__ASSIGNMENT__
Output the listing below exactly, minus its images.

__DATA BELOW__
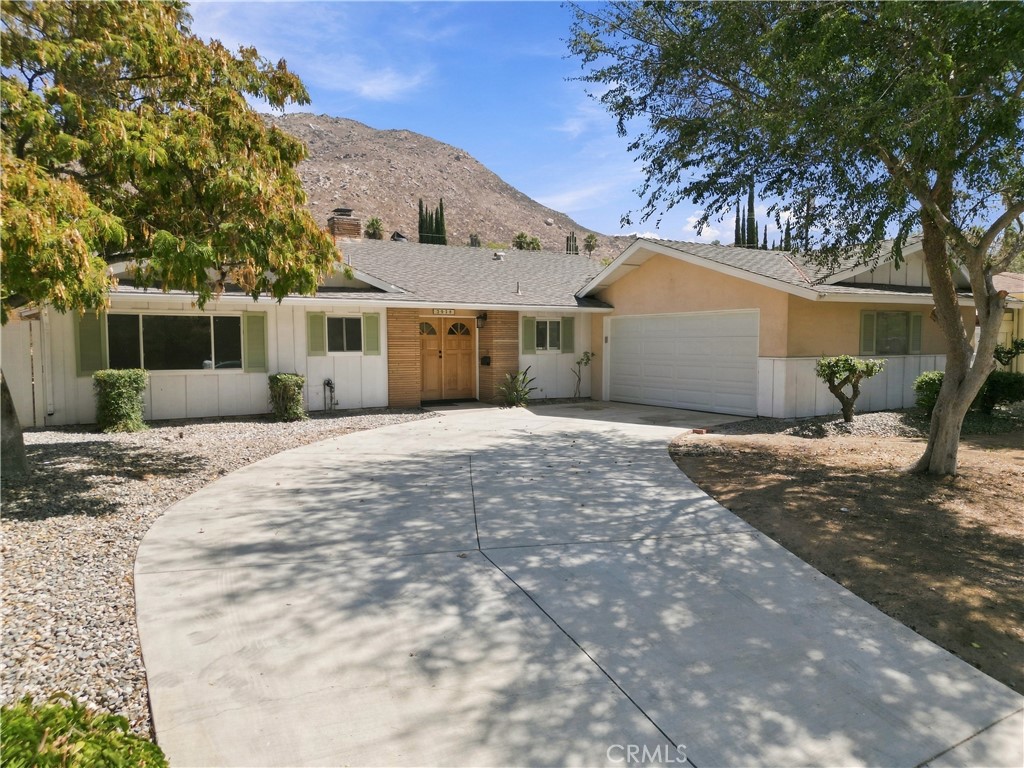 3970 Mt Vernon Property Photo 3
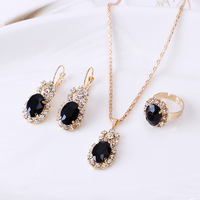 Nouvelle Collection Mode, Ensemble Bijoux Trois Pièces Best-Seller avec Collier, Boucles d'Oreilles et Bague en Diamant et Chaîne Griffe Gemme, Vente en Gros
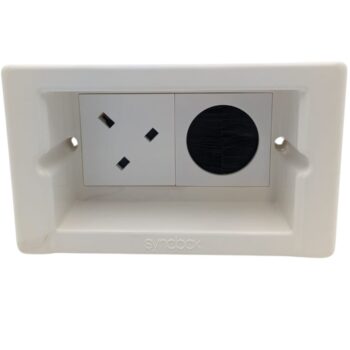 Syncbox SB-Direct flush socket with single power outlet – concealed wall solution for powering TVs and AV equipment.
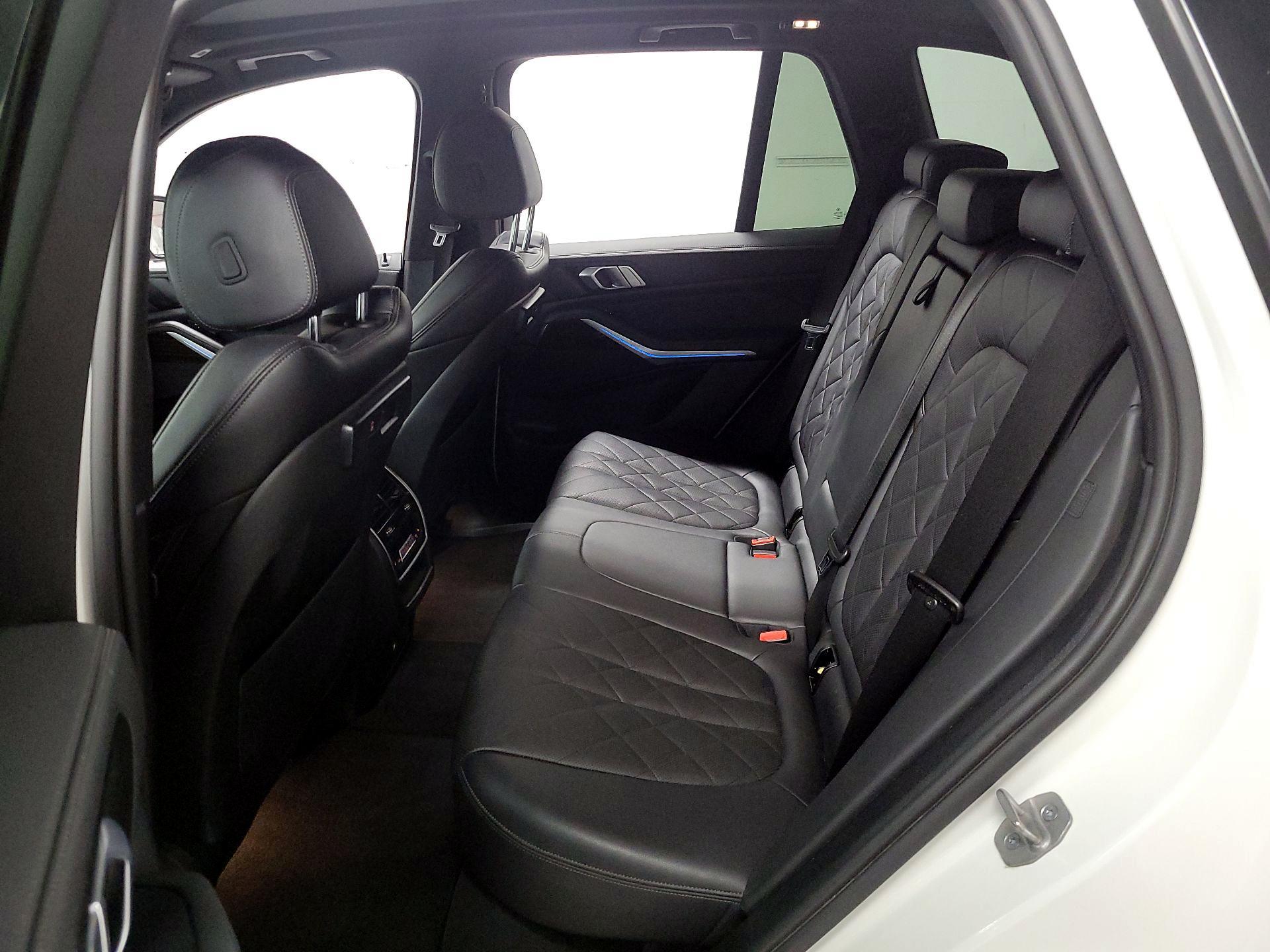 Thumbnail: 2023 BMW X5 - 20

__TASK OUTPUT__
 3970 Mt Vernon Property Photo 3
 Nouvelle Collection Mode, Ensemble Bijoux Trois Pièces Best-Seller avec Collier, Boucles d'Oreilles et Bague en Diamant et Chaîne Griffe Gemme, Vente en Gros
 Syncbox SB-Direct flush socket with single power outlet – concealed wall solution for powering TVs and AV equipment.
 Thumbnail: 2023 BMW X5 - 20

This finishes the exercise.